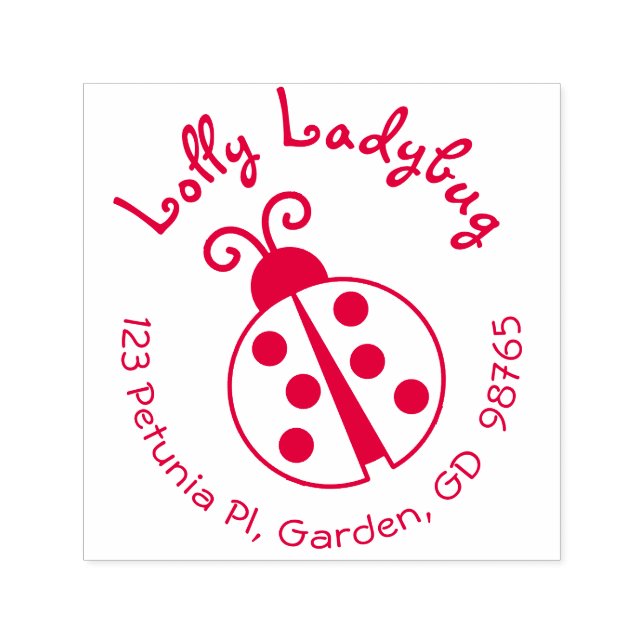 Ladybug Return Address Stamp Round Self Inking (Design)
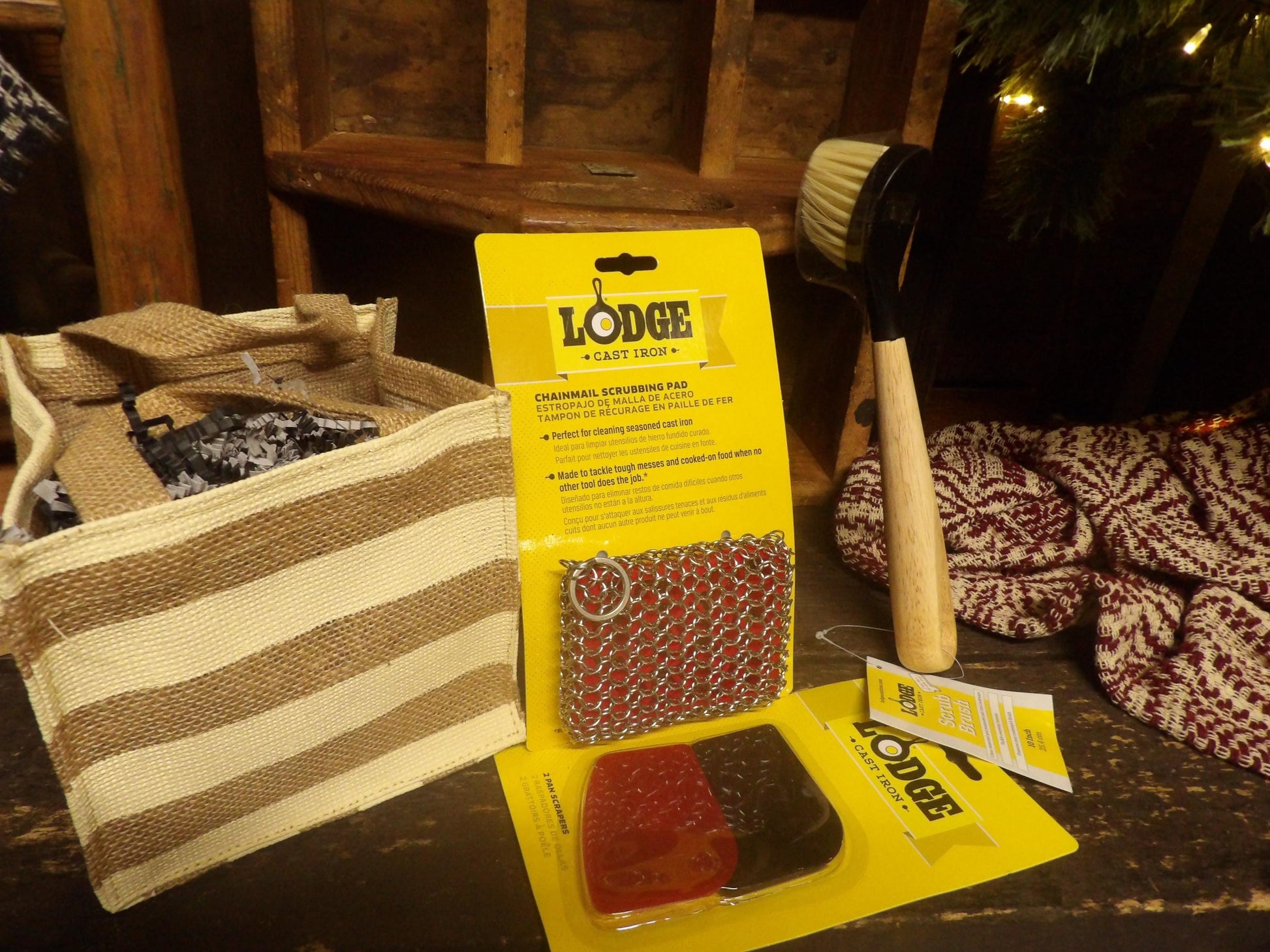 Cast Iron Care Gift Basket - Lodge Accessories in Burlap Tote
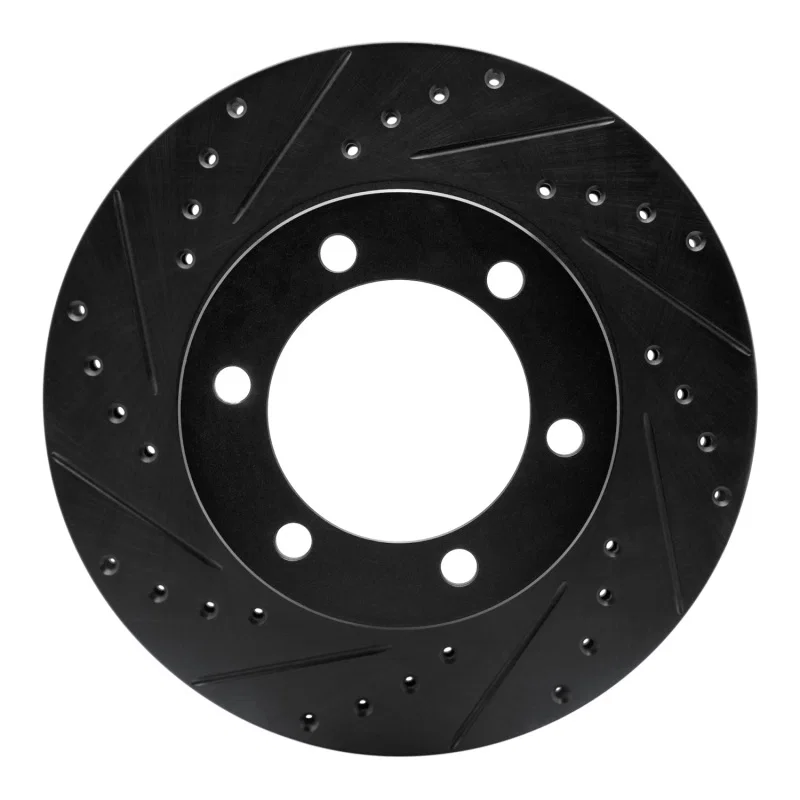 R1 Concepts 633-76123L, R1 95-04 Toyota 4Runner Front Left Drilled & Slotted Black Brake Rotor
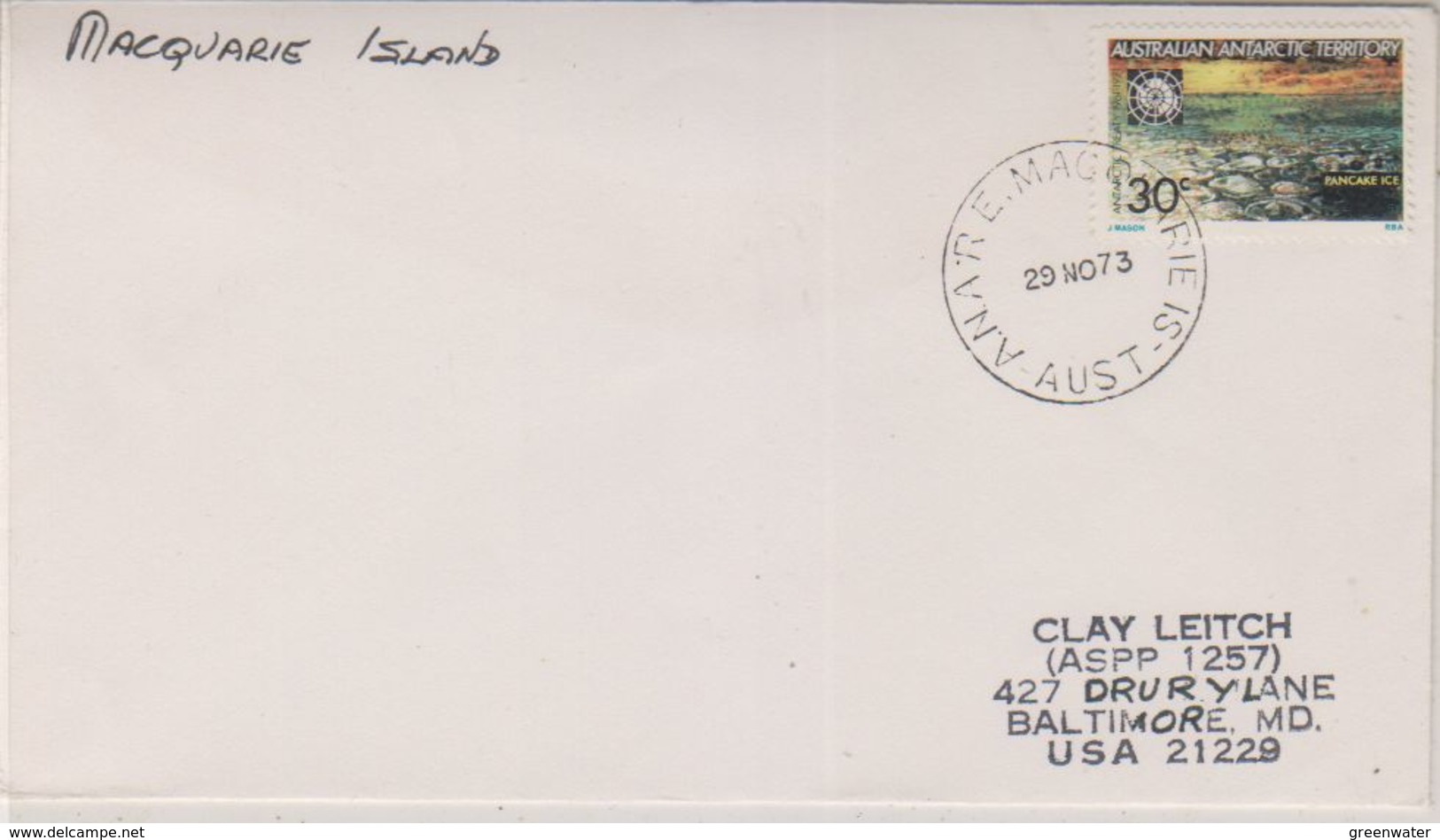 AAT Macquarie Island Ca 29 No 73 Cover To USA (38412) - Brieven En Documenten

*EXERCISE DIRECTIONS*. Wherever the listing shows a picture, omit it and output the rest exactly as given.

*THE ANSWER*.
 Ladybug Return Address Stamp Round Self Inking (Design)
 Cast Iron Care Gift Basket - Lodge Accessories in Burlap Tote
 R1 Concepts 633-76123L, R1 95-04 Toyota 4Runner Front Left Drilled & Slotted Black Brake Rotor
 AAT Macquarie Island Ca 29 No 73 Cover To USA (38412) - Brieven En Documenten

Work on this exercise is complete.